**REQUIRED WORK:** Take the lines below from the first through the one that contains "Black Viscose Maxi Skirt" and copy them exactly.

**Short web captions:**
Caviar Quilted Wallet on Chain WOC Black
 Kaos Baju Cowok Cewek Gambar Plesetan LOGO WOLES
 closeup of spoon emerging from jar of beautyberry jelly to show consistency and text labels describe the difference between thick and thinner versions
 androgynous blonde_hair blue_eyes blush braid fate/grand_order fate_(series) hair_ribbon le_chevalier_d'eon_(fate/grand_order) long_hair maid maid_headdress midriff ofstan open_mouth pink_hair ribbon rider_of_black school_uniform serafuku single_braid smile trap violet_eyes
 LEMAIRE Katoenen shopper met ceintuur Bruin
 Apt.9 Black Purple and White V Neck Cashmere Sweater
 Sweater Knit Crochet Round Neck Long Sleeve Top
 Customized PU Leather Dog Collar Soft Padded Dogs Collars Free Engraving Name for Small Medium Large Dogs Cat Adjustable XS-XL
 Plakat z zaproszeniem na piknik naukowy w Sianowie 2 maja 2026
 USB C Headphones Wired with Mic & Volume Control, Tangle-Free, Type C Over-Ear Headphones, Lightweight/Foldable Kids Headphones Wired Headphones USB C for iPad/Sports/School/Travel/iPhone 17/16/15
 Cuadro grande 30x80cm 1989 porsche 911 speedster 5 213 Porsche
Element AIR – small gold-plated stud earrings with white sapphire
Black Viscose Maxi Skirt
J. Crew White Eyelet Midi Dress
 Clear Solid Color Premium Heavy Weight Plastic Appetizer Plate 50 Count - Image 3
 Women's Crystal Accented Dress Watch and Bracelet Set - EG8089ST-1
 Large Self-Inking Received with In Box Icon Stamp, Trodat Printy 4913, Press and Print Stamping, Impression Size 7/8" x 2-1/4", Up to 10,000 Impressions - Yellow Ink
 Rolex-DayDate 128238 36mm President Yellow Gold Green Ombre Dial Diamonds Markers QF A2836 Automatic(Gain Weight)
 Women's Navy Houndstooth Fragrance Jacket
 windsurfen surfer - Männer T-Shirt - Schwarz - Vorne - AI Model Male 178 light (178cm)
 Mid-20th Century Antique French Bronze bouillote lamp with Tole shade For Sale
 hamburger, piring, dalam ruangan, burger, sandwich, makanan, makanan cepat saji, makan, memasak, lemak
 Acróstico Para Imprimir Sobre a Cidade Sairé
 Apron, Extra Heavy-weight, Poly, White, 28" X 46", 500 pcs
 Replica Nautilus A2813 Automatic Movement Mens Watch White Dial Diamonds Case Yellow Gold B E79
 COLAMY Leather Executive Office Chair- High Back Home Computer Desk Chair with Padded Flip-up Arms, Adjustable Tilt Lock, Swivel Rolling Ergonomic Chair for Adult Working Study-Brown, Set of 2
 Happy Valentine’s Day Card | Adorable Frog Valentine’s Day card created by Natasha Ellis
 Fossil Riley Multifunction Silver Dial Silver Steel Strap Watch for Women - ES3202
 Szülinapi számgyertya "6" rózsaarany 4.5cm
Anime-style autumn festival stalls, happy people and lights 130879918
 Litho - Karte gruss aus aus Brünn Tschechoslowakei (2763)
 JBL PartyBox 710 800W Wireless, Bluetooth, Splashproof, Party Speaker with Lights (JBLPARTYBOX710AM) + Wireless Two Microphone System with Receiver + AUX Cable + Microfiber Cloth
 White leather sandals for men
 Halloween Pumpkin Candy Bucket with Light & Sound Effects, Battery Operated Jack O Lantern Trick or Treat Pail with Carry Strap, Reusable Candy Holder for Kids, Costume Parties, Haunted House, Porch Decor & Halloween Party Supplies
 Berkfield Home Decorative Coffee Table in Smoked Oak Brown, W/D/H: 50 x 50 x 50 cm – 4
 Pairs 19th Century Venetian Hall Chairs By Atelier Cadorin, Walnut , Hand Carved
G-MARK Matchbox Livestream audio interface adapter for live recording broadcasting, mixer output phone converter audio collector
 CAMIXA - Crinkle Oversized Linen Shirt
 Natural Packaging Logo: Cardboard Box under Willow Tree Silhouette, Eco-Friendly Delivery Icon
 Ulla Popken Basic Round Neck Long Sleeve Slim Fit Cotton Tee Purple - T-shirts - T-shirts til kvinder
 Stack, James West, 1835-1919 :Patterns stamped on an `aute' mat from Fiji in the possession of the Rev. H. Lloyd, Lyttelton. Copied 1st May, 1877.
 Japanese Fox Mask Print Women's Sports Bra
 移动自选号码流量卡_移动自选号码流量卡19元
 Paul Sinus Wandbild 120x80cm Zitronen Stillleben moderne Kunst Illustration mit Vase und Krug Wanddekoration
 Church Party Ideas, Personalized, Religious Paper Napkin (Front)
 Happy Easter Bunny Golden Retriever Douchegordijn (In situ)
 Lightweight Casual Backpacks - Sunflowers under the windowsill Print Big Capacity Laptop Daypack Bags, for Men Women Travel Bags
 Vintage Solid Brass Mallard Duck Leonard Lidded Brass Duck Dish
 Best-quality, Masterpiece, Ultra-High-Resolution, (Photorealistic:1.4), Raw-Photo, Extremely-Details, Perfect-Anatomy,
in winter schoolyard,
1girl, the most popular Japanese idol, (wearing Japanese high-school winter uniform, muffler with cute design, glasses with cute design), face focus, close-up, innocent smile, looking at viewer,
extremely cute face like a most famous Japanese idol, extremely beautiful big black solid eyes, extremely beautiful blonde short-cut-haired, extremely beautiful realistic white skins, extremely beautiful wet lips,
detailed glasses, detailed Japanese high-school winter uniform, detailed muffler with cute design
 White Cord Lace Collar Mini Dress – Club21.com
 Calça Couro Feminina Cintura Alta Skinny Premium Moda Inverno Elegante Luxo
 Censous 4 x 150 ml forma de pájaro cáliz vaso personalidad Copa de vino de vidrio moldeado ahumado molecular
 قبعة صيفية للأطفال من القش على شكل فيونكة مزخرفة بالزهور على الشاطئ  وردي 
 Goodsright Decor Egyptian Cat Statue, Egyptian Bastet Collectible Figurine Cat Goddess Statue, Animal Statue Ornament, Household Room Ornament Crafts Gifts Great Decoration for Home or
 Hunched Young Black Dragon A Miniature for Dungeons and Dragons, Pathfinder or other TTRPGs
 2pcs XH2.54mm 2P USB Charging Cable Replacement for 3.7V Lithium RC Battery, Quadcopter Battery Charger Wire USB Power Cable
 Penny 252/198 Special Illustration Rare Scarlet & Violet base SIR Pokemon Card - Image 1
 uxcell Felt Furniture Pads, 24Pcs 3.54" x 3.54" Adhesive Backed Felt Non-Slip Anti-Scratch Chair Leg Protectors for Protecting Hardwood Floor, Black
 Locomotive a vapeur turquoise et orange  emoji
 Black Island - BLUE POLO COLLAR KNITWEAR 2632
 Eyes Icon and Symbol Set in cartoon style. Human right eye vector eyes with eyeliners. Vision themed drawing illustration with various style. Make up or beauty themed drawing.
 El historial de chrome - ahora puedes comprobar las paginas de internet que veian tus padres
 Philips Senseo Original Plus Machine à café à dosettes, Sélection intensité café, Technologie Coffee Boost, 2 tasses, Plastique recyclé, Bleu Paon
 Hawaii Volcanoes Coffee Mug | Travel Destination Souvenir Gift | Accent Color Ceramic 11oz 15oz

**RESPONSE FOR THIS EXERCISE:**
Caviar Quilted Wallet on Chain WOC Black
 Kaos Baju Cowok Cewek Gambar Plesetan LOGO WOLES
 closeup of spoon emerging from jar of beautyberry jelly to show consistency and text labels describe the difference between thick and thinner versions
 androgynous blonde_hair blue_eyes blush braid fate/grand_order fate_(series) hair_ribbon le_chevalier_d'eon_(fate/grand_order) long_hair maid maid_headdress midriff ofstan open_mouth pink_hair ribbon rider_of_black school_uniform serafuku single_braid smile trap violet_eyes
 LEMAIRE Katoenen shopper met ceintuur Bruin
 Apt.9 Black Purple and White V Neck Cashmere Sweater
 Sweater Knit Crochet Round Neck Long Sleeve Top
 Customized PU Leather Dog Collar Soft Padded Dogs Collars Free Engraving Name for Small Medium Large Dogs Cat Adjustable XS-XL
 Plakat z zaproszeniem na piknik naukowy w Sianowie 2 maja 2026
 USB C Headphones Wired with Mic & Volume Control, Tangle-Free, Type C Over-Ear Headphones, Lightweight/Foldable Kids Headphones Wired Headphones USB C for iPad/Sports/School/Travel/iPhone 17/16/15
 Cuadro grande 30x80cm 1989 porsche 911 speedster 5 213 Porsche
Element AIR – small gold-plated stud earrings with white sapphire
Black Viscose Maxi Skirt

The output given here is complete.